Wednesday, November 25, 2009

BEARS 34 INDIANS 28

How sweet it is/was. We didn’t want the night to end. We just stood there watching the children storm the field. The Axe, like a lifeboat lost at sea, rising and falling amidst the crush of bodies. It doesn’t get any better than this. Well maybe it did in Pasadena on January 1, 1938 when Alabama went down—but that’s a little beyond our memory bank.

I quickly donned my “I told you so cap” and smiled from ear to ear. Anyone who knows me, knows I couldn’t predict an “A” in Professor Hearst’s Ed 110 class (where you graded yourself)— Still I was feeling pretty smug. I’d gone on record: Cal, 27 to 17.

The night after the SC debacle—and 8 days after the Oregon fiasco, when our record was 3 and 2, we’d scored 6 points to our opponents 72—my favorite writer—between swallowing vials of sleeping pills-- wrote (back on October 1st):
“Someone has to say it. The Bears go 10 and 2 and we’re still angry.”
That tall good looking guy continued:

“For the rest of the year (barring a total collapse) the point spread will be within a touchdown of everyone we play. And we’ll win way more than we lose….Big Game will really be big. Hopefully, Stanford wins a bunch and then we crush them and wreck their entire season.” Hmmmmmmmmm.

But wait. There’s more!

“We’re looking at 5 and two easily and a possible 7 love run the rest of the way. What could be bad about that?”

The least nasty e-mail riposte I got after those words was, “Get Real!”

All right. So I didn’t say 6 and one. There are word count requirements.

The second best joke of the week was about the Stanford Coach (pick your favorite) who kept telling his team about the importance of “Trust.” You’ve got to trust your teammates, trust your linemen, trust your defense trust your quarterback…. Until one player piped up and said, “Coach. You don’t have to tell us about the importance of Trust. We all have one.”

The best joke was Sarlatte’s at the Men’s luncheon (Which I missed for the first time in decades--due to a funeral)—in which he referred to Oakland Raiders receivers touching fewer balls than Ellen DeGeneres. Shigga-boom!!

Third best was my Stanford friend’s line, “When SC’s band played ‘March on to Vicotry’ I always thought they were holding up two fingers in the V for victory sign. Now I realize they were yelling “Go for Two.”

Saturday was nice, but how great was Sunday, with a fire blazing and the TIVO playing back a glorious Bear Victory? (For atmosphere, I like to clog up the toilet and flood the floor to get that real "College Stadium" experience). The Goobs doesn't appreciate it.

We left St. Helena on Saturday around 10am, trading in the orange, red, yellow, and purple vines for the brown and green of Stanford Eucalypti. We met the boys in lot 7 around noon, knowing that Andy’s M.O.A.T (Mother of all tailgates) was at the South end of the stadium. Still, there was plenty of time to sample wares and walk around the carnival like grounds.
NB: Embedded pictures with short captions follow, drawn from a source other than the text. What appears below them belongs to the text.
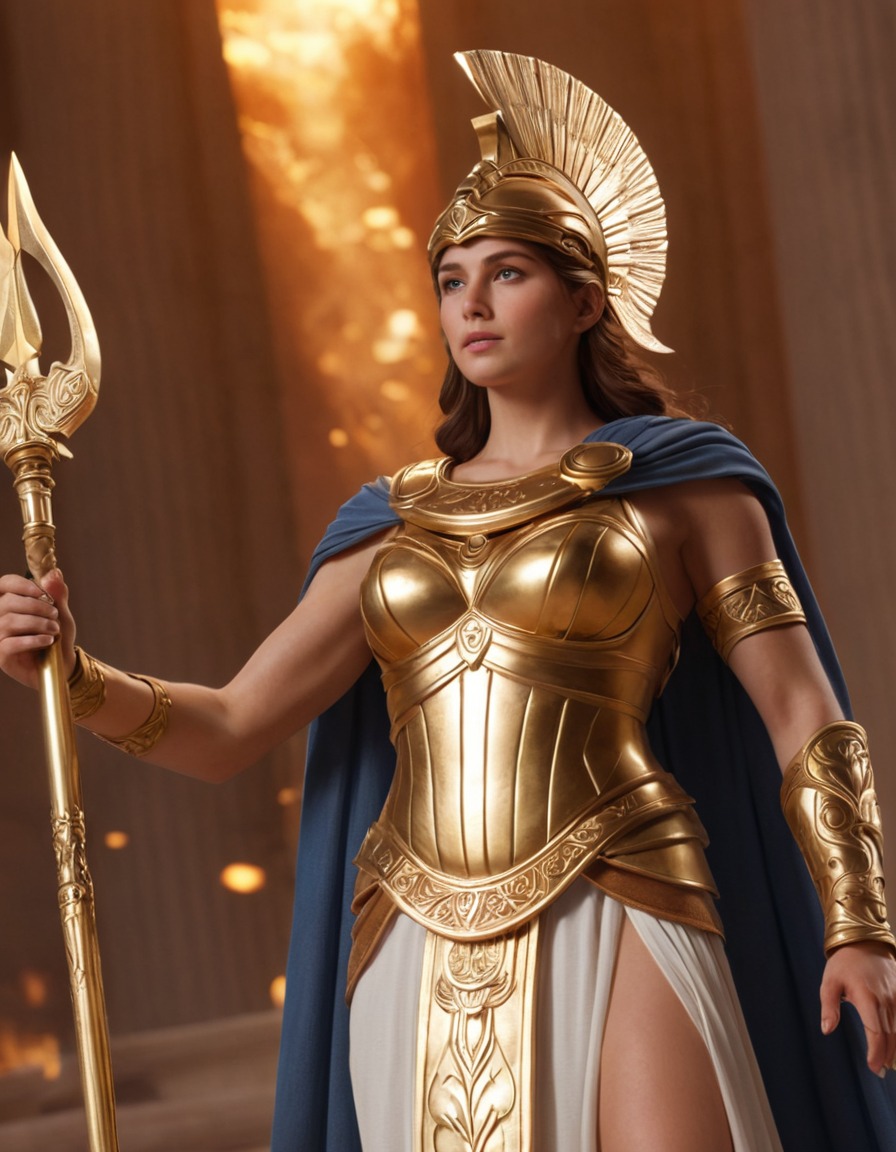 athena, epic, greek mythology, goddess, divine, battle, wisdom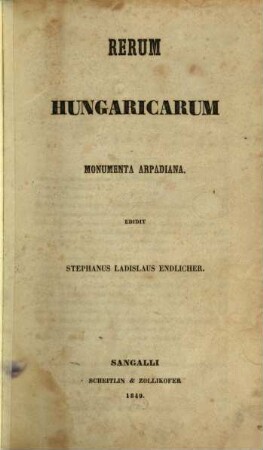 Rerum Hungaricarum monumenta Arpadiana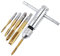 Gueenky Gewindeschneider Set Verstellbarer, Gewindeschneider M3 M4 M5 M6 M8, T Griff Windeisen Ratsche, Gewindeschneider Handgewindebohrer, HSS Gewindebohrer Set mit Werkzeughalter mit Ratsche
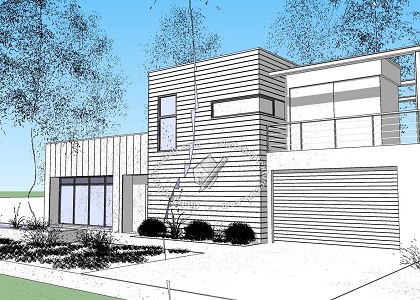 FOREST HOUSE & TUTORIAL | Forest House sketchup extract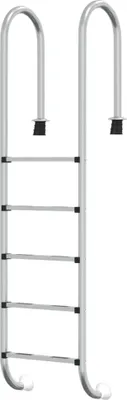 Obrázek produktu pro vidaXL Žebřík do bazénu 54x38x211 cm Nerezová ocel 304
Stanford at Big Game. So much booze. So few restrooms. (Of course, Memorial stadium is worse. Why we don’t rent some “executive porta potties—you know like you see at Golf tourneys and wine auctions—for our women is beyond me. It ain’t too bad for guys).

Everyone was lamenting that Best wouldn’t be playing. (One should never joke about head injuries, but if he can’t run for daylight the NFL, at least he can run for Congress).

The talk amongst us was about “tumbling.” Remember how we all had it in the 7th grade. We were taught how to fall—how to do summersaults—both forward and backward. Now no one can have an appropriate answer for landing on hard turf from 8 feet up, but when he dislocated his elbow, it did appeare that that didn’t have to take place. That he “fell” stiffly. The “Dog” suggested that maybe, as a track man and city lad, maybe Best hadn’t been playing tackle football with no pads all during grammar school the way we had. The question was, do many of these kids today know how to “fall” the way we were taught?

I mentioned it to Muncie and he agreed, adding this interesting sidelight. He said Jerry West had asked him if he had problem with his knees. Muncie said no. He’s from Pennsylvania and West is from Cheylan, West Virginia. “We walked and road bikes,” said Muncie. “We never rode in cars, like California kids. Our knees and legs got fully developed because we used them all the time.”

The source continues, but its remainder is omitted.